WHAT YOU NEED TO DO:
Return only this: the line with "Digital Marketing & Lead Generation" and all the lines that follow it below, through the final one, exactly as they are.

==== MATERIAL TO PROCESS ====

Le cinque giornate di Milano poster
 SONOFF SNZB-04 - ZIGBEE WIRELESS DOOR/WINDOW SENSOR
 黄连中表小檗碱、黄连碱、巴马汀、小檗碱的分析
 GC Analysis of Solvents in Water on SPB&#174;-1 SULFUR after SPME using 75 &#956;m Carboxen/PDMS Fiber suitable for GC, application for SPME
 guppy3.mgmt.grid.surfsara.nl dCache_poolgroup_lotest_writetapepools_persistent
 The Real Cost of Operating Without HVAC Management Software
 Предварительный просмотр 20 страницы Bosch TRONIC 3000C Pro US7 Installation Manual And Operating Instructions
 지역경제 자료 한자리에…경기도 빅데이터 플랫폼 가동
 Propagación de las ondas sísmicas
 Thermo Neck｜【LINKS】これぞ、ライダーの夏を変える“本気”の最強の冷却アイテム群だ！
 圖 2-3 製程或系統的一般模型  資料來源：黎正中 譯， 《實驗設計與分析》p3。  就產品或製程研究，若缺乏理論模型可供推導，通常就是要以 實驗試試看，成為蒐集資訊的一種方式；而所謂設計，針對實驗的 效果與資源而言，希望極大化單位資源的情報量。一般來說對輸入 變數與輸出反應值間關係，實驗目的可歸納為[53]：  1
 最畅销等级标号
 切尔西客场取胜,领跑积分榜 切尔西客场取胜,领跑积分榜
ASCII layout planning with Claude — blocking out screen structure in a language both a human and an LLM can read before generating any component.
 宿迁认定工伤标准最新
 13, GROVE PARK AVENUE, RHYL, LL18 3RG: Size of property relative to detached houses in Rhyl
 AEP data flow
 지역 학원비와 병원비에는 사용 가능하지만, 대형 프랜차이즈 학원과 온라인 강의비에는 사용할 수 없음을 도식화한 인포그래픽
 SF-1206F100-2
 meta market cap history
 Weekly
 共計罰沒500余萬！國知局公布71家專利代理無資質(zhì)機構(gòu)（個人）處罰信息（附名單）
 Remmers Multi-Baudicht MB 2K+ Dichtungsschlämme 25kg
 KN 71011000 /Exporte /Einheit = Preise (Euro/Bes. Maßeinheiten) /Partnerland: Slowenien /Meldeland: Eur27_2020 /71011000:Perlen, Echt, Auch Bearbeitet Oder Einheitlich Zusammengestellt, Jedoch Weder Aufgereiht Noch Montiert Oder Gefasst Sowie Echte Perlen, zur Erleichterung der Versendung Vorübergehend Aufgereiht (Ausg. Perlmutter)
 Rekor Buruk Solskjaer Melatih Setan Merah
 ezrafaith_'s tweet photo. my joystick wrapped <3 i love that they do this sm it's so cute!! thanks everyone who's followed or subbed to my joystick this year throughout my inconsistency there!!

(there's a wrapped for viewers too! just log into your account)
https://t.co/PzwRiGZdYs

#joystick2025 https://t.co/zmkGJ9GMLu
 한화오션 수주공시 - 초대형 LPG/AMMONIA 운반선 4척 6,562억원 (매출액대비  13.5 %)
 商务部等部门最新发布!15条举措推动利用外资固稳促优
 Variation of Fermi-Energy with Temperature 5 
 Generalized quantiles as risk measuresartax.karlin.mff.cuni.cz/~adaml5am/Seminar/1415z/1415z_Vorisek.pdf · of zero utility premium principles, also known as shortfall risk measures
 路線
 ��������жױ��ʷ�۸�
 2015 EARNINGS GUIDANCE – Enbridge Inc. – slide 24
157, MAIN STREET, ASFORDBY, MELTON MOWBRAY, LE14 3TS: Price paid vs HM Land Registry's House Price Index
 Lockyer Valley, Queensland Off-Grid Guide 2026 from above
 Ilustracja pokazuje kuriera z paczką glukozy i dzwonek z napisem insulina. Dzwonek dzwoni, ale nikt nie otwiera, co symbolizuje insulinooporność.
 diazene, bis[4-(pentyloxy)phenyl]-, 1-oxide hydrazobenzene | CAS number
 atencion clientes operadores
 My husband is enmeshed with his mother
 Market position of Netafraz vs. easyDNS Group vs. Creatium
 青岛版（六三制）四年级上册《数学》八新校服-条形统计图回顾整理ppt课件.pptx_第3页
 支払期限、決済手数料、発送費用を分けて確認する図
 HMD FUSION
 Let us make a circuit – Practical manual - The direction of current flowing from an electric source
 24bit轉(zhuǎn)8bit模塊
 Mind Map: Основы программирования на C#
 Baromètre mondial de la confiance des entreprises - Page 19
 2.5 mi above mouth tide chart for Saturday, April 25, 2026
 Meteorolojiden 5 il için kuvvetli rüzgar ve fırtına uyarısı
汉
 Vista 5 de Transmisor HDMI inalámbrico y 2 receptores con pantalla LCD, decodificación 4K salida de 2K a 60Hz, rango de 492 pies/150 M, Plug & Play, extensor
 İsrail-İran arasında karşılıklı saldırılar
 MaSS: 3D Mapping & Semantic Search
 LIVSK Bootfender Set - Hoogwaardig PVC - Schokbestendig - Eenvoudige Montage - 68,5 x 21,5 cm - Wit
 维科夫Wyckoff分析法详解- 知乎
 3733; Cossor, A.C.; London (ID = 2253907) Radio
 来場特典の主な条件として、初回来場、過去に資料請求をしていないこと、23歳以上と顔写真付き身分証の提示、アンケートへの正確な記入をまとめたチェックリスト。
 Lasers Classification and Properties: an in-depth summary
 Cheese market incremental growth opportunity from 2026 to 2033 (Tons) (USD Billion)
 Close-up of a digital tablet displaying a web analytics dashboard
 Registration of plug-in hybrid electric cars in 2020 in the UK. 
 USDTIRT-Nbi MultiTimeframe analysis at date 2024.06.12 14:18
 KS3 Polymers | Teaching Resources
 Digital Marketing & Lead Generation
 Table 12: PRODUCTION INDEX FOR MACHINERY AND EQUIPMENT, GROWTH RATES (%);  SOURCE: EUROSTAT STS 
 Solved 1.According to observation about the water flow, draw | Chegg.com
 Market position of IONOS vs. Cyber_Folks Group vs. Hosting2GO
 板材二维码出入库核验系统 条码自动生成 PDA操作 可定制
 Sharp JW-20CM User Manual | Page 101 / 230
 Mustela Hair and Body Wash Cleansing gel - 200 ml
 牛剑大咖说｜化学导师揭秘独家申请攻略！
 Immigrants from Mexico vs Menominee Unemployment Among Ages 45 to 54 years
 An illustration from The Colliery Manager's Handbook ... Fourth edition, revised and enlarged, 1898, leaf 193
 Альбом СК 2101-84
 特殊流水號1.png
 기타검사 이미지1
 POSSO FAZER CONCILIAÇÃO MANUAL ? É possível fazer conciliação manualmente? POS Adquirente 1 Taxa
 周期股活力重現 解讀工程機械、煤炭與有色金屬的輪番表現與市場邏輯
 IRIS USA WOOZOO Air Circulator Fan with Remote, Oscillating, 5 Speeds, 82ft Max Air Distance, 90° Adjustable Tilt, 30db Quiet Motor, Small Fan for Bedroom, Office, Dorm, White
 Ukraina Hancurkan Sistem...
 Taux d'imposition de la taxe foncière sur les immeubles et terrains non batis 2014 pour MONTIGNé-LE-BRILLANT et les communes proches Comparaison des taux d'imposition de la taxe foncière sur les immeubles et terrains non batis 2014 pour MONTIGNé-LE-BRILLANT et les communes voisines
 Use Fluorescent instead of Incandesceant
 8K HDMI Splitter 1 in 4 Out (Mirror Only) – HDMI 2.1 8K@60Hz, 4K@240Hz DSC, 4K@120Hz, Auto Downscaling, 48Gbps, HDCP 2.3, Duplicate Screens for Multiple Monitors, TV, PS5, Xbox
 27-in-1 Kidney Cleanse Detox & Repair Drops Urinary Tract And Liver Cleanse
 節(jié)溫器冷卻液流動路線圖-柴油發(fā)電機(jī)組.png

====

PROBLEM SOLUTION:
 Digital Marketing & Lead Generation
 Table 12: PRODUCTION INDEX FOR MACHINERY AND EQUIPMENT, GROWTH RATES (%);  SOURCE: EUROSTAT STS 
 Solved 1.According to observation about the water flow, draw | Chegg.com
 Market position of IONOS vs. Cyber_Folks Group vs. Hosting2GO
 板材二维码出入库核验系统 条码自动生成 PDA操作 可定制
 Sharp JW-20CM User Manual | Page 101 / 230
 Mustela Hair and Body Wash Cleansing gel - 200 ml
 牛剑大咖说｜化学导师揭秘独家申请攻略！
 Immigrants from Mexico vs Menominee Unemployment Among Ages 45 to 54 years
 An illustration from The Colliery Manager's Handbook ... Fourth edition, revised and enlarged, 1898, leaf 193
 Альбом СК 2101-84
 特殊流水號1.png
 기타검사 이미지1
 POSSO FAZER CONCILIAÇÃO MANUAL ? É possível fazer conciliação manualmente? POS Adquirente 1 Taxa
 周期股活力重現 解讀工程機械、煤炭與有色金屬的輪番表現與市場邏輯
 IRIS USA WOOZOO Air Circulator Fan with Remote, Oscillating, 5 Speeds, 82ft Max Air Distance, 90° Adjustable Tilt, 30db Quiet Motor, Small Fan for Bedroom, Office, Dorm, White
 Ukraina Hancurkan Sistem...
 Taux d'imposition de la taxe foncière sur les immeubles et terrains non batis 2014 pour MONTIGNé-LE-BRILLANT et les communes proches Comparaison des taux d'imposition de la taxe foncière sur les immeubles et terrains non batis 2014 pour MONTIGNé-LE-BRILLANT et les communes voisines
 Use Fluorescent instead of Incandesceant
 8K HDMI Splitter 1 in 4 Out (Mirror Only) – HDMI 2.1 8K@60Hz, 4K@240Hz DSC, 4K@120Hz, Auto Downscaling, 48Gbps, HDCP 2.3, Duplicate Screens for Multiple Monitors, TV, PS5, Xbox
 27-in-1 Kidney Cleanse Detox & Repair Drops Urinary Tract And Liver Cleanse
 節(jié)溫器冷卻液流動路線圖-柴油發(fā)電機(jī)組.png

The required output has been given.